TASK INSTRUCTIONS: The answer must consist solely of the lines from the one containing "Hey everyone, this" through the last line of the records, set down exactly and without any pictures.
Top of DATASET RECORDS
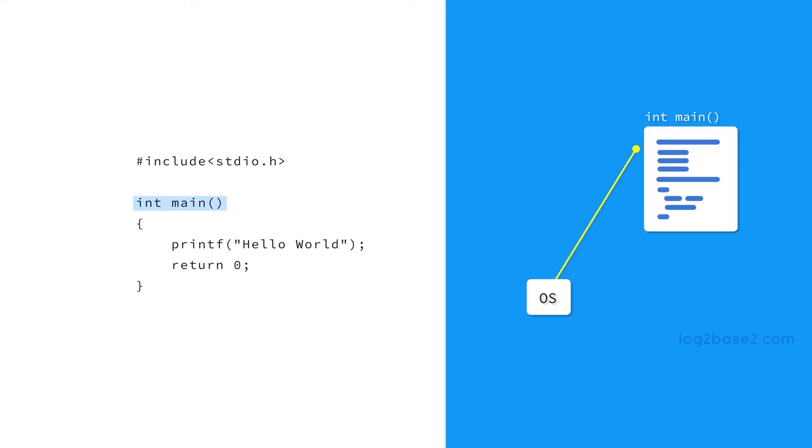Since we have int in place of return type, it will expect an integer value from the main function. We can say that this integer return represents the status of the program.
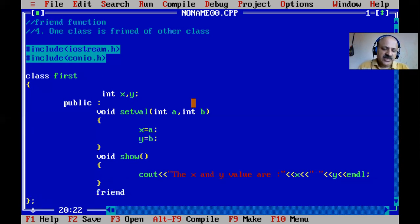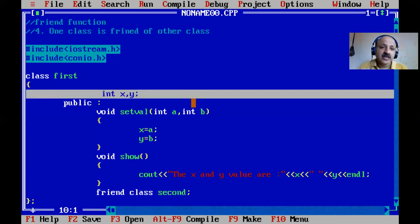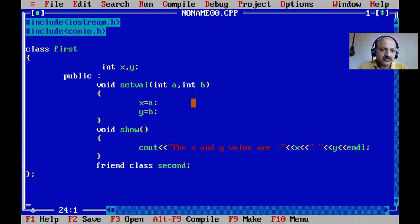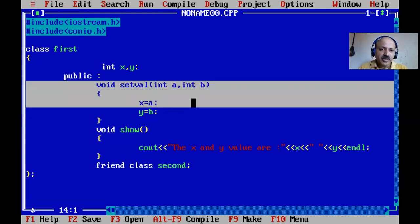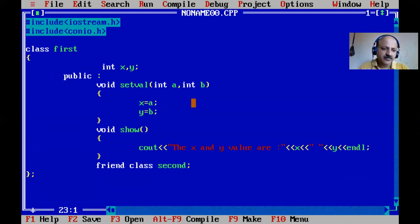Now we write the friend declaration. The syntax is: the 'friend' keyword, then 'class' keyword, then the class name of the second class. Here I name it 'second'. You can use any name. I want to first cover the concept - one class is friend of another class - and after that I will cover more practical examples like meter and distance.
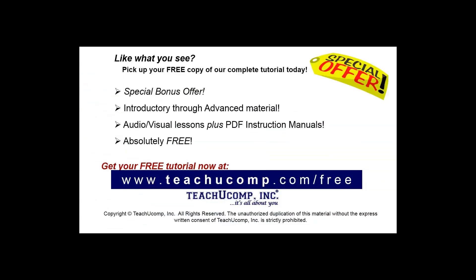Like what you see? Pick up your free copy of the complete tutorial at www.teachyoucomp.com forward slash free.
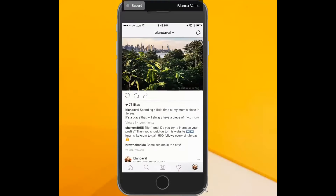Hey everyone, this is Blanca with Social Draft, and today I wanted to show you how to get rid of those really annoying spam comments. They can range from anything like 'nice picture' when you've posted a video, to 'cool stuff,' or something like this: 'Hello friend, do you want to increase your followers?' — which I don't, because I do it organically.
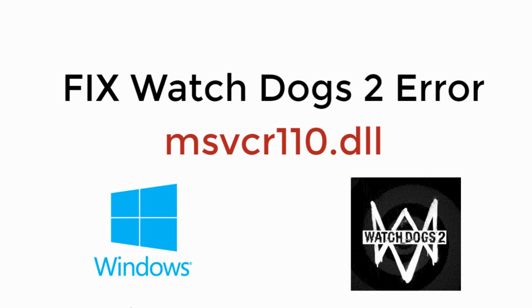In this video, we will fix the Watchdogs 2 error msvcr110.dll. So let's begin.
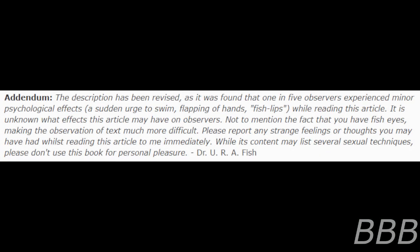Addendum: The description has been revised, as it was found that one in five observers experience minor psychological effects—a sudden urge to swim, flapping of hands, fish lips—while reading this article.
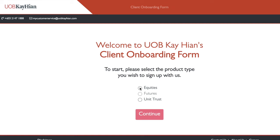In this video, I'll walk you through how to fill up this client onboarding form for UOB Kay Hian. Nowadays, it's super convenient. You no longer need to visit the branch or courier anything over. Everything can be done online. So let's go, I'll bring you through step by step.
Bottom of DATASET RECORDS
RESULT FOR THIS TASK:
Hey everyone, this is Blanca with Social Draft, and today I wanted to show you how to get rid of those really annoying spam comments. They can range from anything like 'nice picture' when you've posted a video, to 'cool stuff,' or something like this: 'Hello friend, do you want to increase your followers?' — which I don't, because I do it organically.
In this video, we will fix the Watchdogs 2 error msvcr110.dll. So let's begin.
Addendum: The description has been revised, as it was found that one in five observers experience minor psychological effects—a sudden urge to swim, flapping of hands, fish lips—while reading this article.
In this video, I'll walk you through how to fill up this client onboarding form for UOB Kay Hian. Nowadays, it's super convenient. You no longer need to visit the branch or courier anything over. Everything can be done online. So let's go, I'll bring you through step by step.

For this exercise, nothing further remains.